Task to complete: Beginning with the line that includes "Детски обувки за" and ending with the last line, print the records exactly, leaving every picture out.

-------- Records to process

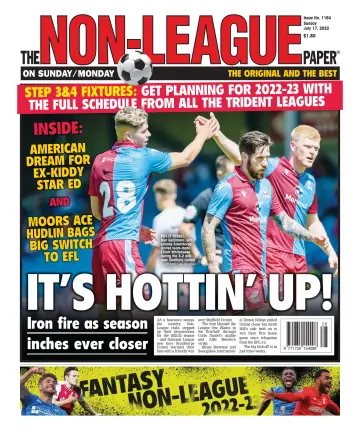 The Non-League Football Paper - 17 julho 2022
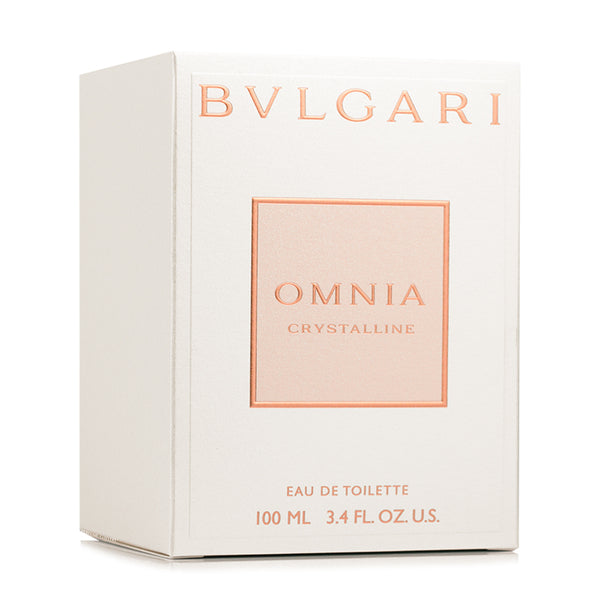 Bvlgari Omnia Crystalline EDT en aerosol para mujer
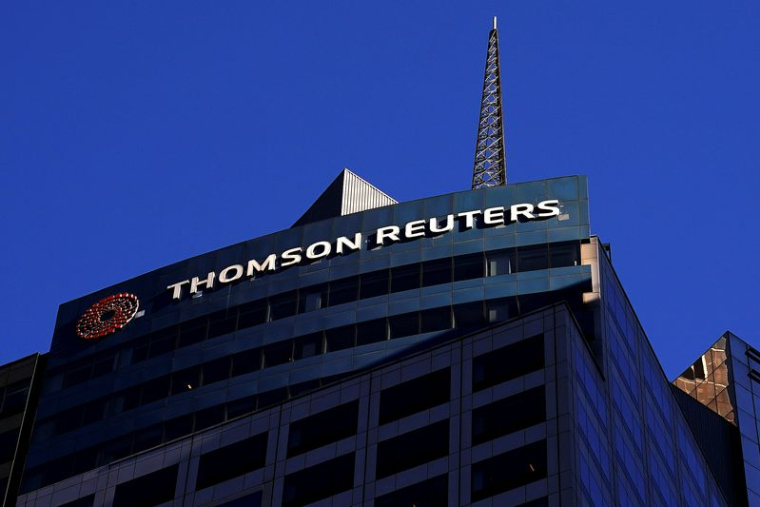 THOMSON REUTERS REVOIT À LA HAUSSE SES PRÉVISIONS POUR 2022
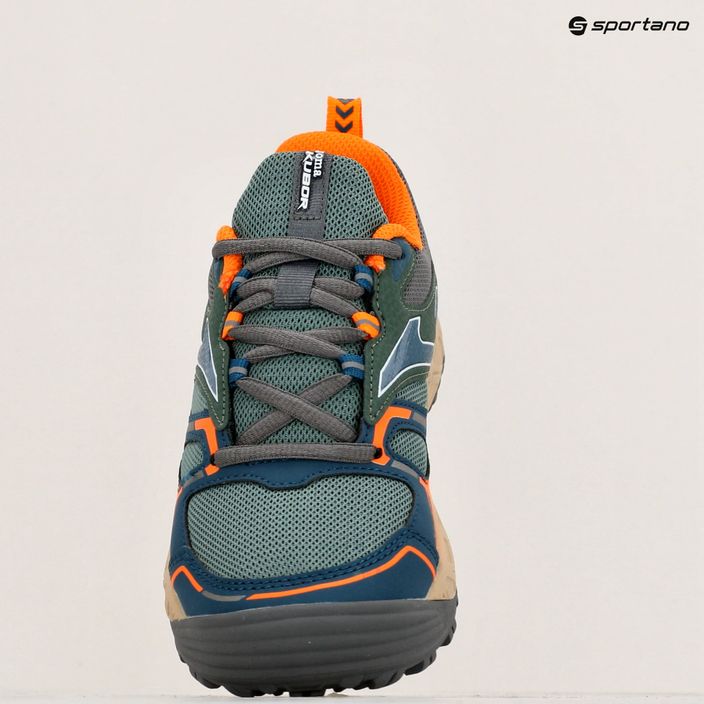 Детски обувки за бягане Joma Kubor зелен/оранжев 10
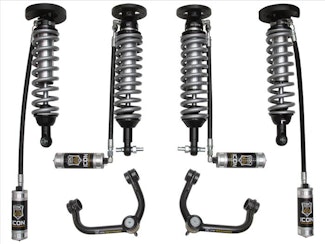 ICON Vehicle Dynamics K93302T 2014-2020 FORD EXPEDITION 4WD .75-2.25" STAGE 2 SUSPENSION SYSTEM W TUBULAR UCA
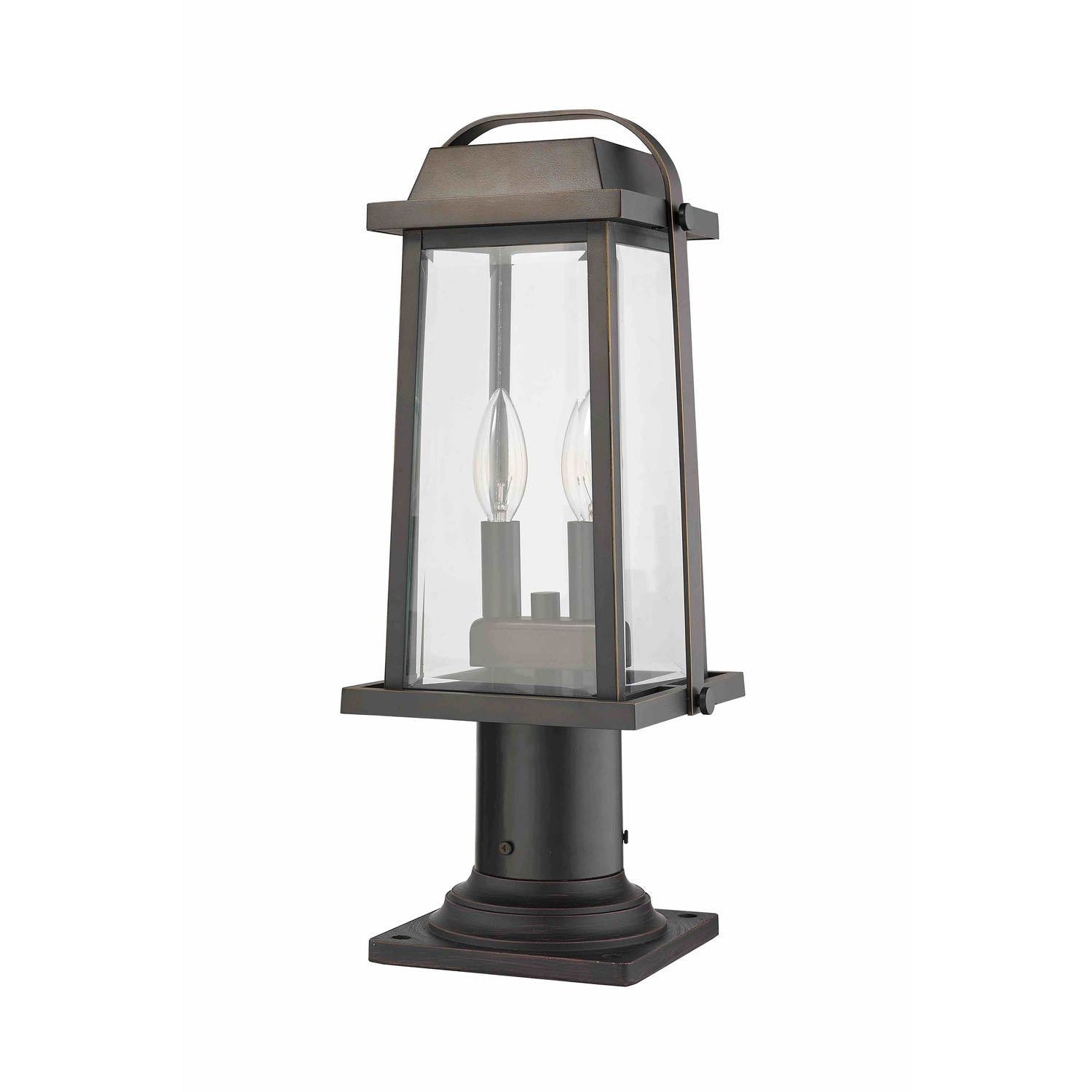 Millworks Pier Mount Oil Rubbed Bronze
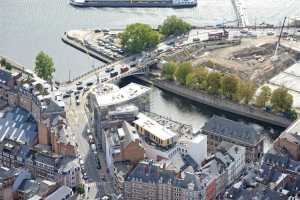 Centre Culturel de Namur - Chantier en Sept 2018 (Arch: Ph. Samyn & Partners)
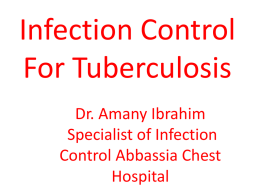 TB Infection Control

----------------

Your solution:
 Детски обувки за бягане Joma Kubor зелен/оранжев 10
 ICON Vehicle Dynamics K93302T 2014-2020 FORD EXPEDITION 4WD .75-2.25" STAGE 2 SUSPENSION SYSTEM W TUBULAR UCA
 Millworks Pier Mount Oil Rubbed Bronze
 Centre Culturel de Namur - Chantier en Sept 2018 (Arch: Ph. Samyn & Partners)
 TB Infection Control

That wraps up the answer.